Task brief
Where does the string "Open" appear in the listing below? Copy every line where it does.

Task inputs
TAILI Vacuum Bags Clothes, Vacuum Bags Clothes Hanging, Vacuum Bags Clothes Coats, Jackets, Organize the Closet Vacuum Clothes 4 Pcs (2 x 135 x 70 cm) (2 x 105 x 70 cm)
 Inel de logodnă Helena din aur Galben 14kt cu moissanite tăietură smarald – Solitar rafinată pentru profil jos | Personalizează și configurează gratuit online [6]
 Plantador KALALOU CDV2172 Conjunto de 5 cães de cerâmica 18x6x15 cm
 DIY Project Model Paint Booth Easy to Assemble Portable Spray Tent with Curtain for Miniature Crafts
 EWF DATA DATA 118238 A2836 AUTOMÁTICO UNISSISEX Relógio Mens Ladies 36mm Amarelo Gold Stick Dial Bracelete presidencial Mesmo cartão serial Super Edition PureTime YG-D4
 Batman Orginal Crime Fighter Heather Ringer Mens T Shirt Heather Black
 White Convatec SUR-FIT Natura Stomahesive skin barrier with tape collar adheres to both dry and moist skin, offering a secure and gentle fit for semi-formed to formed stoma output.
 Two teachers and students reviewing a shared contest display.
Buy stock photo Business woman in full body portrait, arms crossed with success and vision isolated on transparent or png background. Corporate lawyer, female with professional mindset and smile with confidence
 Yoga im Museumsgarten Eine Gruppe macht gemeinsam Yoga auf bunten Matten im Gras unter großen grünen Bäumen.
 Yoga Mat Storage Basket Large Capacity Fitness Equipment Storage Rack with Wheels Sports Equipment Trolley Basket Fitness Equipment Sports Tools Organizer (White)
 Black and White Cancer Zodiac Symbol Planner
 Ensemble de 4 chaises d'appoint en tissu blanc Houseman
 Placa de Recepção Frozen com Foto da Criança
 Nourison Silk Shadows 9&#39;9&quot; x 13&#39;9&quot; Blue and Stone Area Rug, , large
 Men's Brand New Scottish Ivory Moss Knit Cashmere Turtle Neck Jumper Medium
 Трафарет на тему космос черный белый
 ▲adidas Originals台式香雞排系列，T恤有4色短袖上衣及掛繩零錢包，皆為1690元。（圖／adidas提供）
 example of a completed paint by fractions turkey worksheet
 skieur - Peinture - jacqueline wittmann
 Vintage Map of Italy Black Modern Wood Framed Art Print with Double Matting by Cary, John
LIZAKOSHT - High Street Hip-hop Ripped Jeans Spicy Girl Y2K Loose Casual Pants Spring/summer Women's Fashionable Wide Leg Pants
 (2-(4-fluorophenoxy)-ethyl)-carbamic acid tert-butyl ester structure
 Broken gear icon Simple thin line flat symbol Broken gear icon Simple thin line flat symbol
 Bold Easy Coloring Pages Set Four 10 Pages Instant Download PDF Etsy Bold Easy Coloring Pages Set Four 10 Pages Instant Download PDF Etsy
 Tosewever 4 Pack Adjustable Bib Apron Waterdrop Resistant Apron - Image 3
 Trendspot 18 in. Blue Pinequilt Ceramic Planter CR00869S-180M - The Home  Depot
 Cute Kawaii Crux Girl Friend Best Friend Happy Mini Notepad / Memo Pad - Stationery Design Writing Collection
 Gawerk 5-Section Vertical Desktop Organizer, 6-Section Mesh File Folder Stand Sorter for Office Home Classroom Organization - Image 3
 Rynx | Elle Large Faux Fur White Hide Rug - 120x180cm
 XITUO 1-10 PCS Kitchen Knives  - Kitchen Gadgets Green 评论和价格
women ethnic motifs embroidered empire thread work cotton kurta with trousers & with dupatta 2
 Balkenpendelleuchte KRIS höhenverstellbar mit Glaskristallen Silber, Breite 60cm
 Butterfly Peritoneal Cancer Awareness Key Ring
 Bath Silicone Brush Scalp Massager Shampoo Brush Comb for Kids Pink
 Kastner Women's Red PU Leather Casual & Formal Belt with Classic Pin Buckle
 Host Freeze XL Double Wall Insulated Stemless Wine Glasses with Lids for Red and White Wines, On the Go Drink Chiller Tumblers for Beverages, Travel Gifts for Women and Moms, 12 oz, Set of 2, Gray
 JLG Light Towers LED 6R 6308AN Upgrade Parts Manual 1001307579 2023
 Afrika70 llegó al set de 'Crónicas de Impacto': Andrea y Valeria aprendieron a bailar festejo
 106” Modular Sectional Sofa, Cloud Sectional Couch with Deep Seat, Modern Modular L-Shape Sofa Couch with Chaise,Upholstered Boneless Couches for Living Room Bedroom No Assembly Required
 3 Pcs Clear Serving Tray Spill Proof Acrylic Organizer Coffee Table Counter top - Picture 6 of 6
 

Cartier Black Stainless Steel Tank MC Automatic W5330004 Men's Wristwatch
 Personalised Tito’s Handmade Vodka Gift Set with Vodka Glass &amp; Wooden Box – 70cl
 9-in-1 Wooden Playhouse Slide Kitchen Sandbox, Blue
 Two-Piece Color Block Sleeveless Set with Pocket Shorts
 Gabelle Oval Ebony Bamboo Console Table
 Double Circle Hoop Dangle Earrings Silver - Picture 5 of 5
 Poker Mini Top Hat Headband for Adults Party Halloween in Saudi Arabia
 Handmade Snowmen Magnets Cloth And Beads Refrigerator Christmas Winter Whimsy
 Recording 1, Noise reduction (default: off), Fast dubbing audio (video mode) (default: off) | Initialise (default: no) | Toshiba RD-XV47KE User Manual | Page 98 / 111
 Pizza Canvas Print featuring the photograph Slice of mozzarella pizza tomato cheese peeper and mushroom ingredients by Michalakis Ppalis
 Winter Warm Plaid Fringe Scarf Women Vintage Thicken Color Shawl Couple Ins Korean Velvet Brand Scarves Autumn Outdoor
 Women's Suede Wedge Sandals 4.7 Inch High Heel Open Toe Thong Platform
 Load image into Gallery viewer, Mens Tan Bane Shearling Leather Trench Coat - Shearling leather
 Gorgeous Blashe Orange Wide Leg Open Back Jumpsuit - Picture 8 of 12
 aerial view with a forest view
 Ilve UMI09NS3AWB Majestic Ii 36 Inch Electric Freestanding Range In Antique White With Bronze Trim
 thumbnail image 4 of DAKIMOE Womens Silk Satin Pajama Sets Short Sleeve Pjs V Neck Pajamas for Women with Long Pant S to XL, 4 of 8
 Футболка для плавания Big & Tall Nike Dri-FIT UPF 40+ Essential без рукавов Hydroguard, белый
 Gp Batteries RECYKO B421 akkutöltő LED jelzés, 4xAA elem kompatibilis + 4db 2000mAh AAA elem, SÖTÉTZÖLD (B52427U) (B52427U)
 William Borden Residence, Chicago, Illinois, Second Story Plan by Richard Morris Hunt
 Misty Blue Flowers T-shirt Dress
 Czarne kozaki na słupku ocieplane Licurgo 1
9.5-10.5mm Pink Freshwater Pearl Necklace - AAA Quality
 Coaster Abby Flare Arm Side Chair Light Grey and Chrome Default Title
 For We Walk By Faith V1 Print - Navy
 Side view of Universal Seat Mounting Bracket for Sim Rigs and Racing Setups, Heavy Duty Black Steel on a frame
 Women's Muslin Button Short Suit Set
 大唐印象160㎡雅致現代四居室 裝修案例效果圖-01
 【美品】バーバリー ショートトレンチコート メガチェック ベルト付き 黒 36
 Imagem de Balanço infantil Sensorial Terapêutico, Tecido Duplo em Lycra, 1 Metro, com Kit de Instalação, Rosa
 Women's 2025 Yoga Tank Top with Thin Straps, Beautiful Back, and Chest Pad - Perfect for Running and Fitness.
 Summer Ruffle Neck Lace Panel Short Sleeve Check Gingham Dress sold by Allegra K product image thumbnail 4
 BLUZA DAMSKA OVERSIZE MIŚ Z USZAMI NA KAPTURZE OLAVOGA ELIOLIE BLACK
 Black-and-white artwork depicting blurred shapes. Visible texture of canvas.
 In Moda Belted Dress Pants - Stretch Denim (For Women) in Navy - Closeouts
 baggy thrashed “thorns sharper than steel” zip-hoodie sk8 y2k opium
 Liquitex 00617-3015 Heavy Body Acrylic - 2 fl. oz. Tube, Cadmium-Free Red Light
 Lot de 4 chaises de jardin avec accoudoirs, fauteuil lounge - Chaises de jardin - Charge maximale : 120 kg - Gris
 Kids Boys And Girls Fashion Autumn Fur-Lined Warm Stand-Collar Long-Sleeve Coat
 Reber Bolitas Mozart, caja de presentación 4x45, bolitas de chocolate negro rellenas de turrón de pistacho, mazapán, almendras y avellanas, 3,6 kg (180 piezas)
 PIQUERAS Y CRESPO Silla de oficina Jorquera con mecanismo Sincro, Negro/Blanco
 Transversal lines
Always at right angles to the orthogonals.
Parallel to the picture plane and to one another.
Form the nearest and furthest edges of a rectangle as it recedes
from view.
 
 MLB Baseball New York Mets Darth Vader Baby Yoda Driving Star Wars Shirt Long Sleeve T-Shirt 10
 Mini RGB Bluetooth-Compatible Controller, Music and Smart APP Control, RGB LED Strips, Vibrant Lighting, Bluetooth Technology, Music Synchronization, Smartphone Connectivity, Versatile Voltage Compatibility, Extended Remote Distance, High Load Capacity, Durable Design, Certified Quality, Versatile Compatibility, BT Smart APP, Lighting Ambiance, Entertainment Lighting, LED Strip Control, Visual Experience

Response to the task
 Women's Suede Wedge Sandals 4.7 Inch High Heel Open Toe Thong Platform
 Gorgeous Blashe Orange Wide Leg Open Back Jumpsuit - Picture 8 of 12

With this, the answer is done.